For those who may not know, Andrew Thorburn was sacked from his position as CEO of the football club due to his supposedly conservative Christian worldview. (Thorburn’s rather colourful – and less than Christian – past seems to escape the notice of the majority of commentators.)
Premier Dan Andrews continued the public pile-on, then our favourite Bishop put in his two cents worth and was suddenly hailed as the new JPII.
Comensoli’s statement was released via the Melbourne Catholic website on October 5th, then later republished in mainstream media. That was only three days before the annual March for the Babies, so it would have been reasonable to expect that the Lion of Melbourne would lead his flock of pro-life warriors through the streets to boldly protest the scourge of abortion. The Greek Bishop certainly did. And Protestant pastors, bless their hearts, were out in force. A few Catholic priests dotted the landscape, in low-key fashion.
But sadly, Archbishop Peter was nowhere to be seen. Whether the good prelate had a prior engagement, or whether he was simply putting his feet up in front of the fire at Gembrook, is something unknown to this author.
However, a pattern began to emerge after it was confided to me that His Grace was, on two separate occasions, invited to celebrate Mass for a pro-life group on October 22nd, and not only did he not acquiesce, but he did not even respond.
So, to recap Archbishop Comensoli’s track record, he:
* allows pro-abortion Dan Andrews to receive Holy Communion at a State Funeral
* employs a pro-abortion feminist in his inner circle
* doesn’t attend his Archdiocese’s biggest pro-life event of the year
* won’t celebrate Mass for dedicated Catholic pro-lifers (and impolitely won’t even answer them)
So …… maybe he’s not very pro-life after all. At least, not in any meaningful way.
But believe it or not, the comments above aren’t really what this article is about. That’s just my preambular gripe. This article is actually about an upcoming Mass to mark 175 years since the Archdiocese of Melbourne was established. In a nod to Melbourne’s multi-cultural society, the Mass features music and prayers from various nations – a Filipino Lamb of God, a Torres Strait Islander Great Amen, a Croatian Psalm, and so on it goes.
The opening hymn was specially written for the anniversary, but – get this – it was composed for the combined 175th anniversary of the Anglican and Catholic Dioceses of Melbourne. It’s a catchy little ditty about God and justice and a treaty. There’s a didgeridoo solo to make the point even clearer.

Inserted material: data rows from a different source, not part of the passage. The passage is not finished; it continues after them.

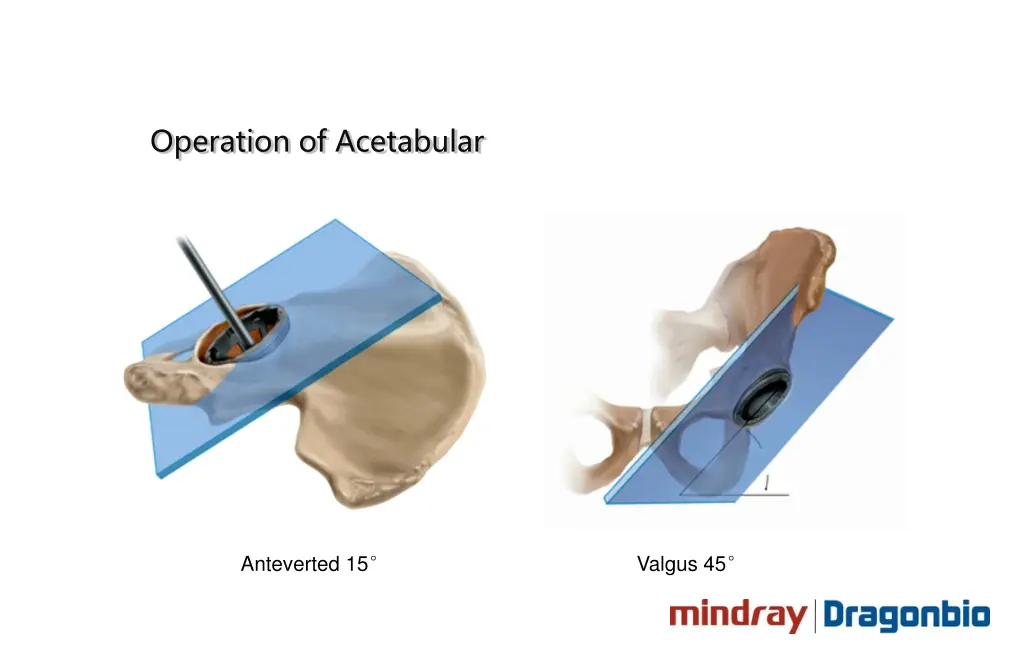 operation of acetabular 1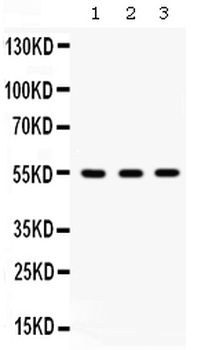 Integrin linked ILK Rabbit Polyclonal Antibody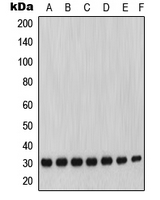MMP7 / Matrilysin Antibody - Western blot analysis of MMP7 expression in A431 (A); SW620 (B); COLO205 (C); LOVO (D); HT29 (E); A2780 (F); SKOV3 (G) whole cell lysates.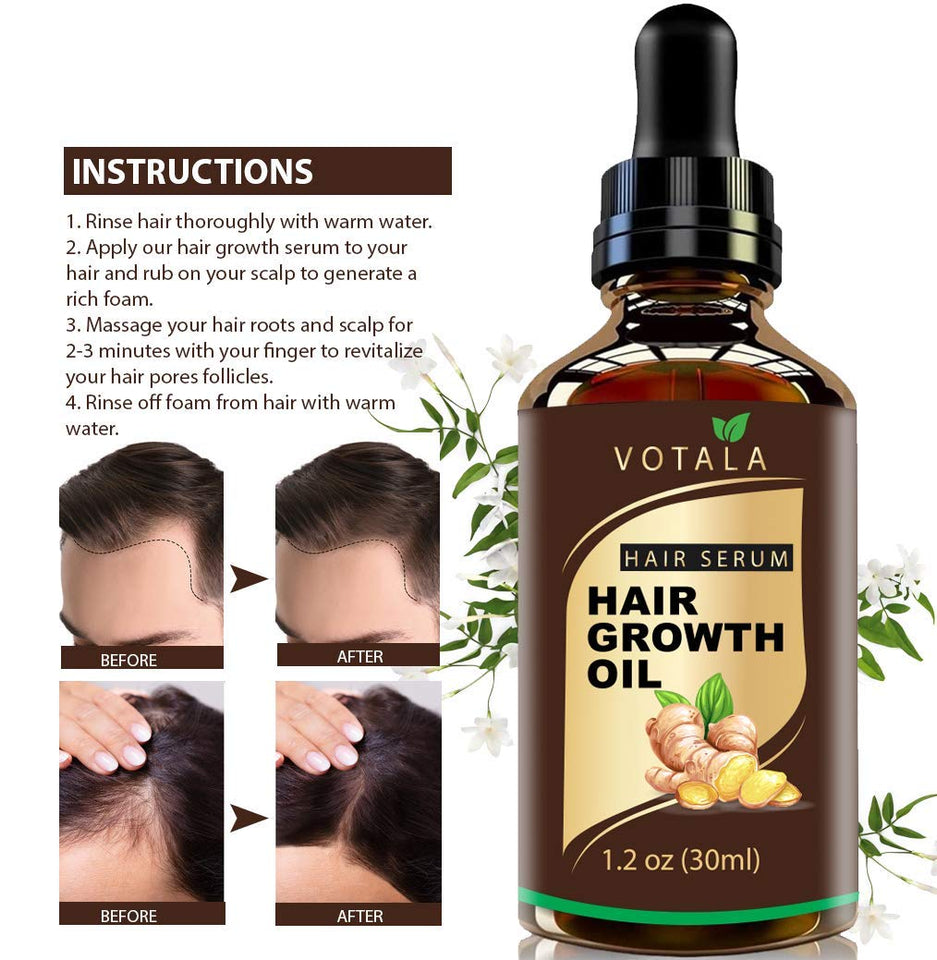 Hair Growth Serum, VOTALA Hair Growth Treatment, Anti Hair Loss, Promotes Thicker, Stronger Hair, And Hair Regrowth for Men Women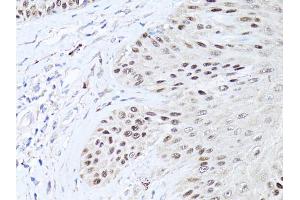 Immunohistochemistry of paraffin-embedded human skin using TP63 antibody (ABIN5971164) at dilution of 1:50 (40x lens). (p63 antibody)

The Mass setting, including the cosmopolitan hymns and prayers, is an entirely new one called The Melbourne Mass – also jointly commissioned for the 175th anniversary of the Anglican and Catholic Dioceses of Melbourne by both churches! Yes, for use in both Catholic and Protestant churches!
Mind-boggling. (On a lesser note, how much did this – the composition of a Mass – cost the Archdiocese?? It would not be cheap. No wonder parishes are being consolidated.)
Now remember, it wasn’t long ago that Archbishop Comensoli, whilst casually suppressing a few local TLMs, said that it was incumbent upon him and all of his priests to offer the Mass worthily and decorously. And yet now he has gone ahead and had a sacrilegious Mass composed for himself and his heretical Anglican buddies.
Archbishop Comensoli, won’t you ever learn?